> Brief
Output, word for word, the line that contains "this 1568×600 image." and all lines following it to the end of the listing. Drop the pictures.
——————————
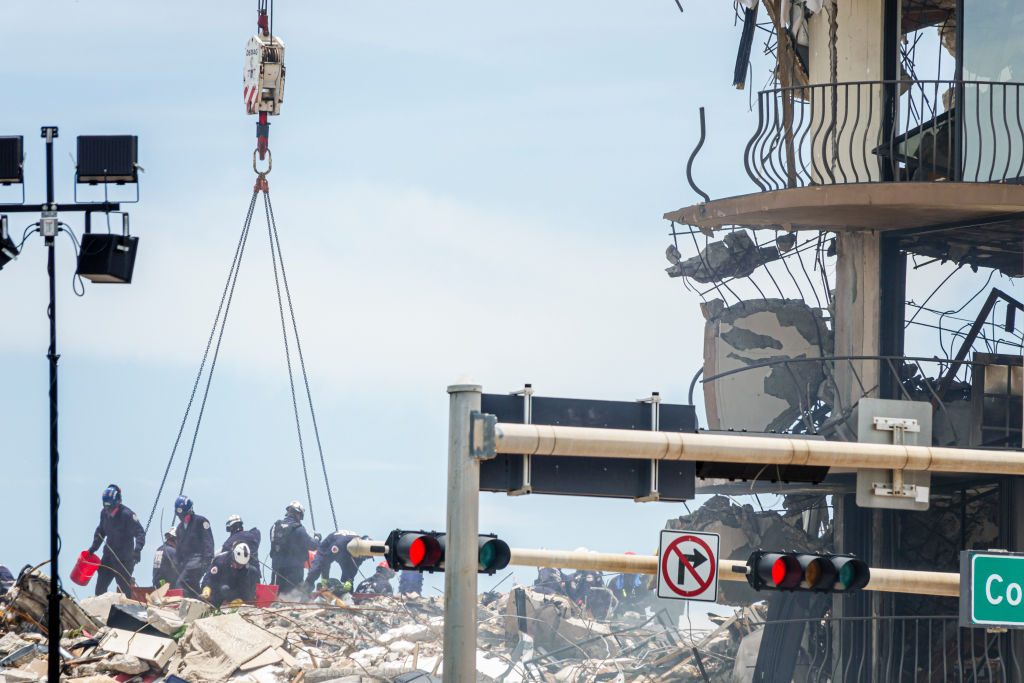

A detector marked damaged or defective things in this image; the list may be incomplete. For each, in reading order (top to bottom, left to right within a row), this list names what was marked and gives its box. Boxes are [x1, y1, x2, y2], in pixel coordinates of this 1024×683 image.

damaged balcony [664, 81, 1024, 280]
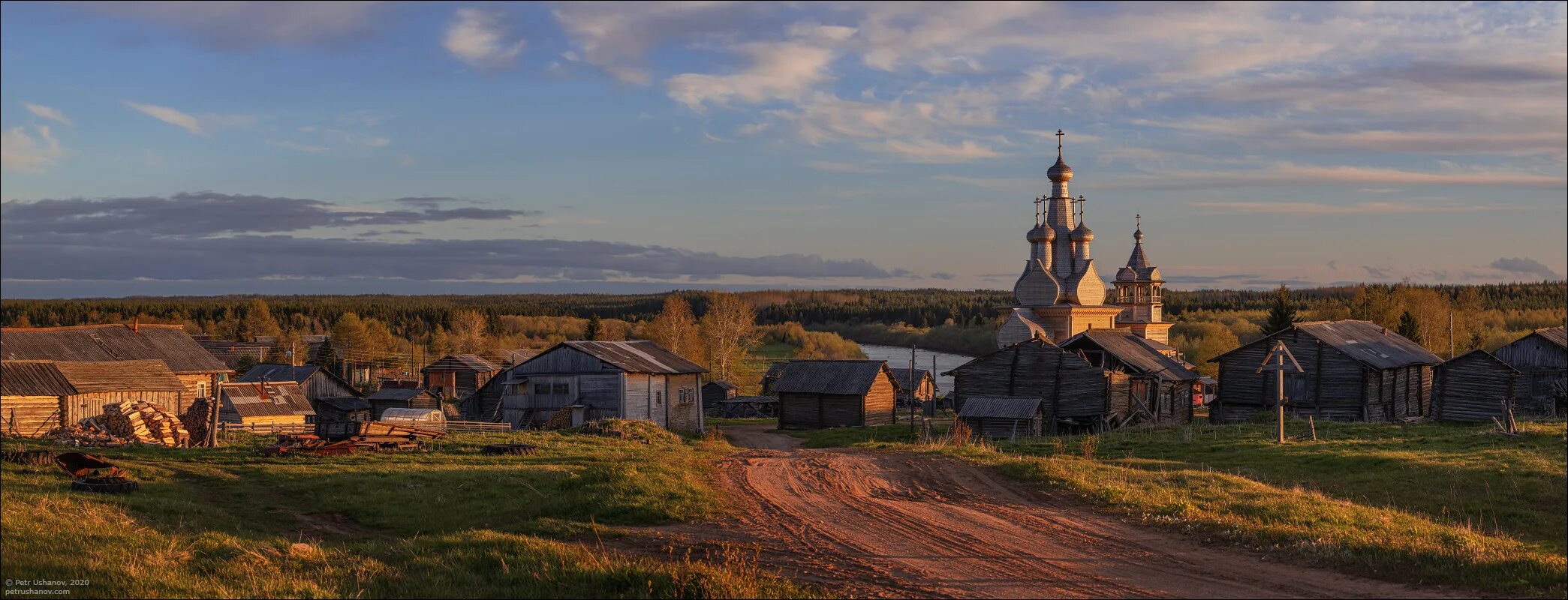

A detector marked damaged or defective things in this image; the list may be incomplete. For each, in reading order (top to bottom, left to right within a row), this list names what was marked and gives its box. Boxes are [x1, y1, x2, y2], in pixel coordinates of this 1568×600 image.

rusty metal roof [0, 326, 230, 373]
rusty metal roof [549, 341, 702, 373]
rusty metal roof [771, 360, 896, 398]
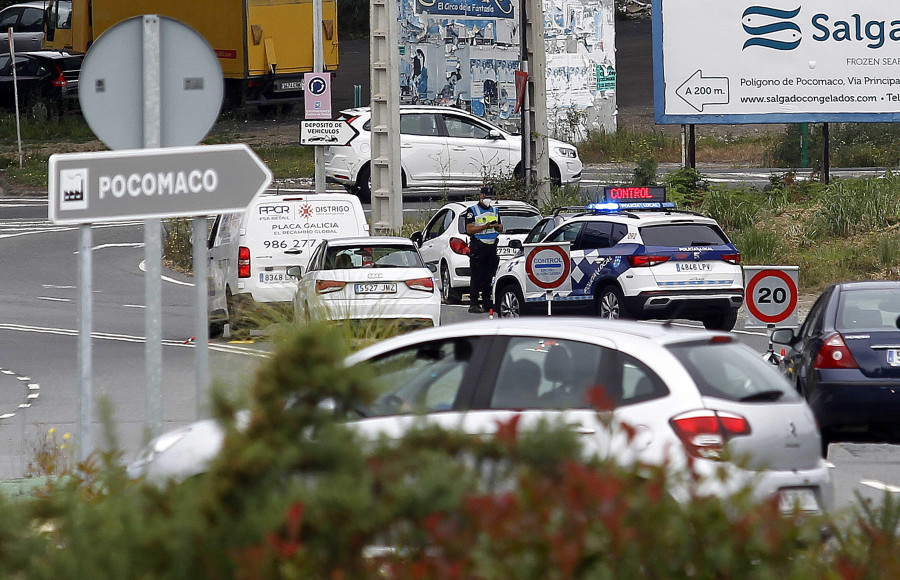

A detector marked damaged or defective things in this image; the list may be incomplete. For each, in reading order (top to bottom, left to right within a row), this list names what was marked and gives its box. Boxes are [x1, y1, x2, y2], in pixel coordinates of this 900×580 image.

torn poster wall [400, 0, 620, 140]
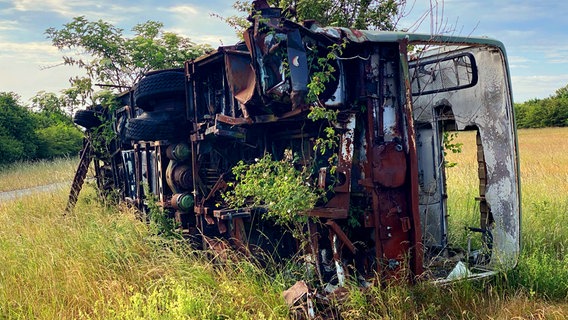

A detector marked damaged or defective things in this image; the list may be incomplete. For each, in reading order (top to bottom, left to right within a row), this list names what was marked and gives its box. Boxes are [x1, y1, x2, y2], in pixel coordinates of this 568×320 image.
——————————
> Written answer
A detector marked damaged or defective things in this image; the list may be incomplete. For each, in reading order (top to bottom, left to right within a row), this list names what was marked and gives its box. Boxes are [x1, y1, x2, y2], in pixel coordinates of this 1568×600 image.

rusty metal roof [0, 326, 230, 373]
rusty metal roof [549, 341, 702, 373]
rusty metal roof [771, 360, 896, 398]

A detector marked damaged or defective things in this image; the list may be incomplete. For each, in reading order (top to bottom, left to right within a row), this list names what was marked and gives its box. Boxes are [x1, y1, x2, y2], in pixel coordinates of this 900×580 image.

torn poster wall [400, 0, 620, 140]

A detector marked damaged or defective things in this image; the list may be incomplete. For each, in reading order (top to bottom, left to right within a row), this list names what was marked and gives its box. Boxes are [x1, y1, x2, y2], in pixel coordinates of this 568×320 image.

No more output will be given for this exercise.